The exhibition opens with a rapid, stand-alone animation that displays 19 images at a speed evoking the highway, testing our powers of perception and suggesting that the story of the journey could be told entirely visually, as if by Soviet filmmaker Dziga Vertov, who avoided scripted narration. The first sets the bike against an expanse of sky and sea near Vancouver, recalling Arthur Rimbaud’s discovery of “eternity” in the sea merged with the sun. Another centers the bike against the receding architecture of Donald Judd’s concrete boxes at Marfa, creating a visual epiphany that needs no commentary.
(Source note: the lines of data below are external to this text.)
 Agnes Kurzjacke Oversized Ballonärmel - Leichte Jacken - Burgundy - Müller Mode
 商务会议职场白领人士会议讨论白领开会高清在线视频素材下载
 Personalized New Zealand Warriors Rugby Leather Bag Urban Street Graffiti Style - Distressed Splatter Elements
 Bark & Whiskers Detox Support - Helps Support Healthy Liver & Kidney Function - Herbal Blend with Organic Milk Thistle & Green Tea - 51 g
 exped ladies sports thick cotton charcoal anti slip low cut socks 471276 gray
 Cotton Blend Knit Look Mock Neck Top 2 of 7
In more complex prints, the radiating spokes of the motorcycle’s wheels generate Orphic color abstractions, suggesting movement and animating Olson’s improvisatory compositions. Approaching El Paso, the Rio Grande appears as a thin ribbon of blue along the highway’s edge, beyond which space dissolves into a tapestry of colored fragments: Ciudad Juárez. A soundtrack of vintage Delta blues recalls narration by a traditional bard.
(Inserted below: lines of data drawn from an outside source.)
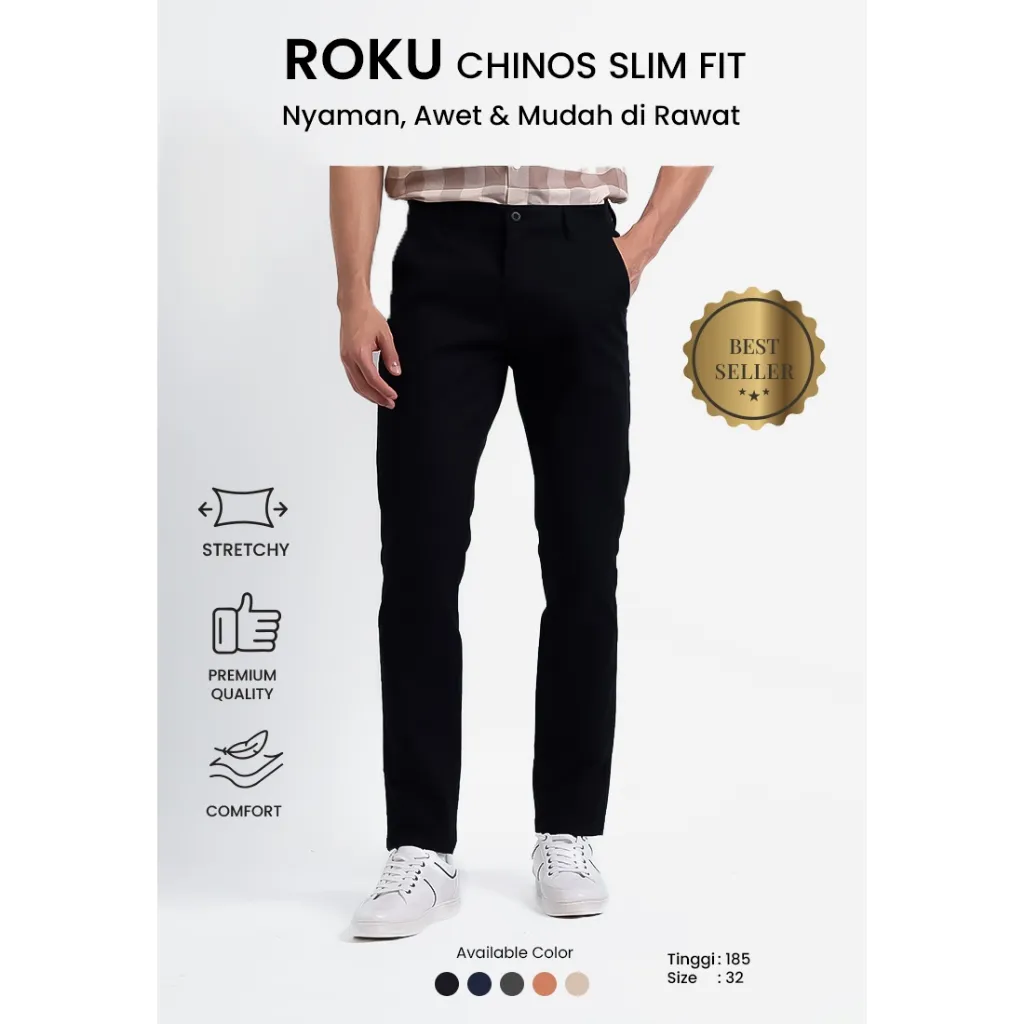 Manzone Celana Panjang Pria Chinos Slim Fit Roku - Black
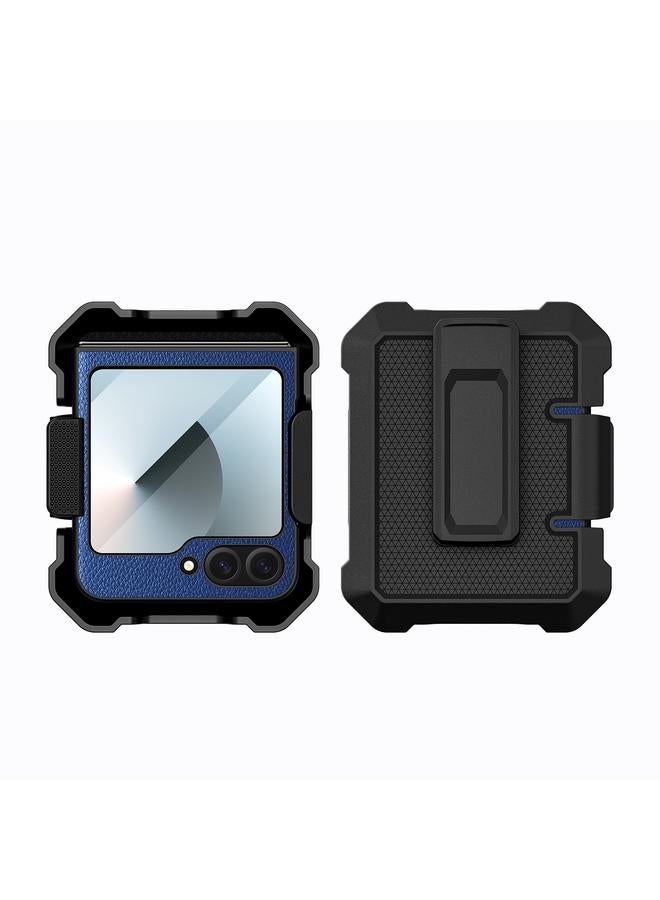 S-TOP Case For Samsung Galaxy Z Flip6 PC Hybrid PU Leather Phone Case with Back Clip Holder - Image 1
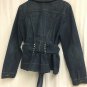 Baccini Jean Jacket Front Tie Womens Size Large Bling Back Blue Jean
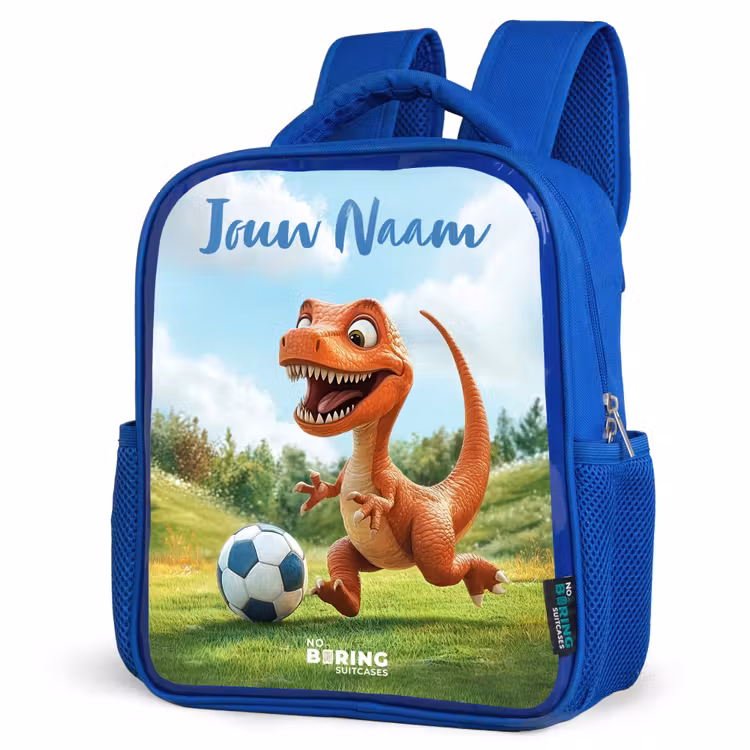 Kinderrugzak met naam - Blauw - Voetbal - Dino - Sport — 7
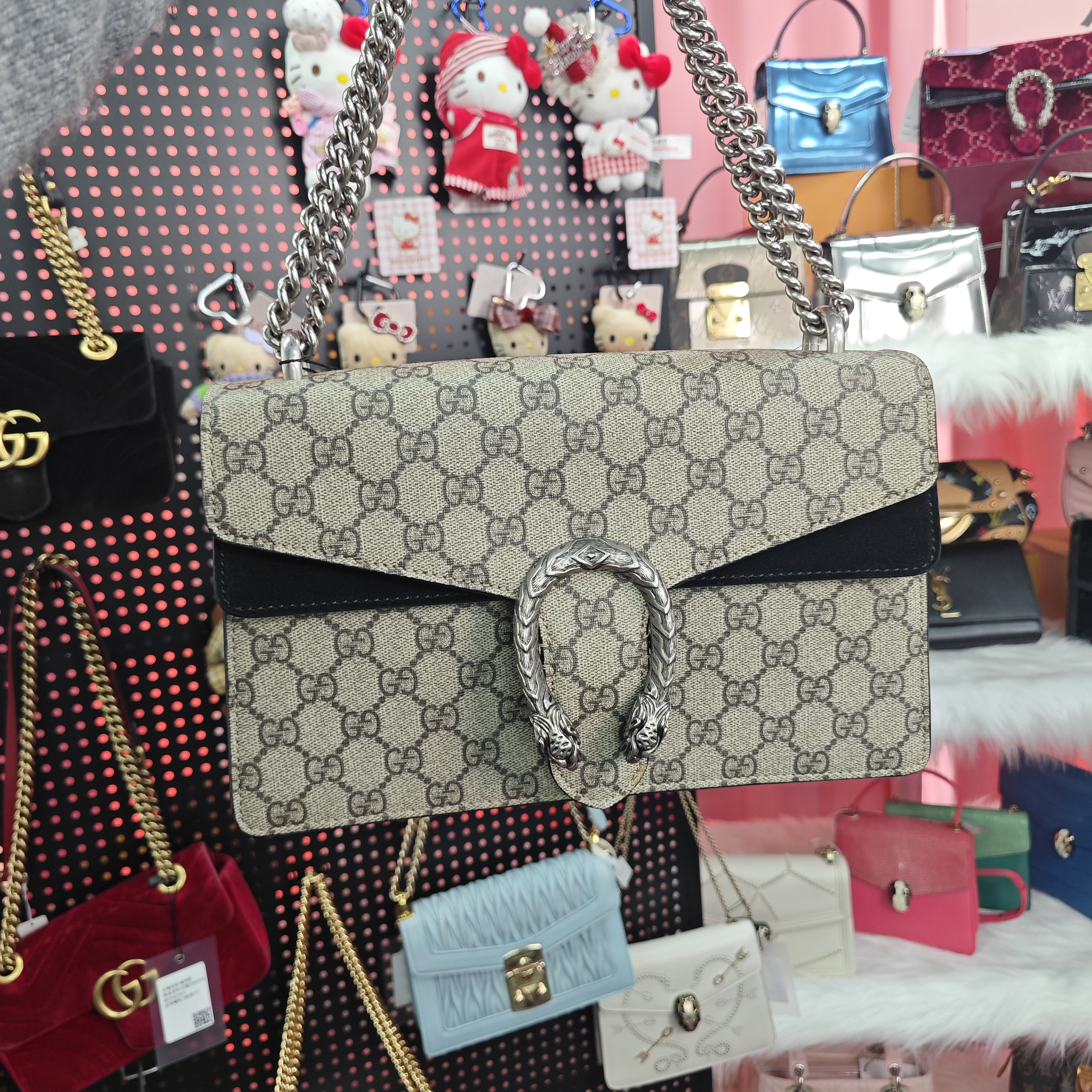 95新 GUCCI/古驰 酒神/中号/驼色/斜挎包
But Olson’s intention is more novelistic, inspired by the expansive narration and visionary prose of Jack Kerouac; the show concludes with a quotation from On the Road (1957), and Olson’s improvisatory style resonates with Kerouac’s casual syntax, headlong composition, and appetite for immersive experience. Along with views of significant landmarks, Olson narrates a personal story, involving the suicide of a friend, a visit to his childhood home in Boston, and encounters with works of art and music, all embedded in a digitized scroll that constitutes the exhibition’s backbone. Olson expands on his core images with blocks of text, incantatory recitations of place names, photos, videos, handwritten notes, and sketches. More appear beneath this ribbon of text-based content, through windows—one a hallucinatory painting of nocturnal bathers in Big Sur, and another that places us in Olson’s seat (and head) on the bike in Upstate New York, speeding into a tunnel of abstracted foliage as he processes the loss of his friend.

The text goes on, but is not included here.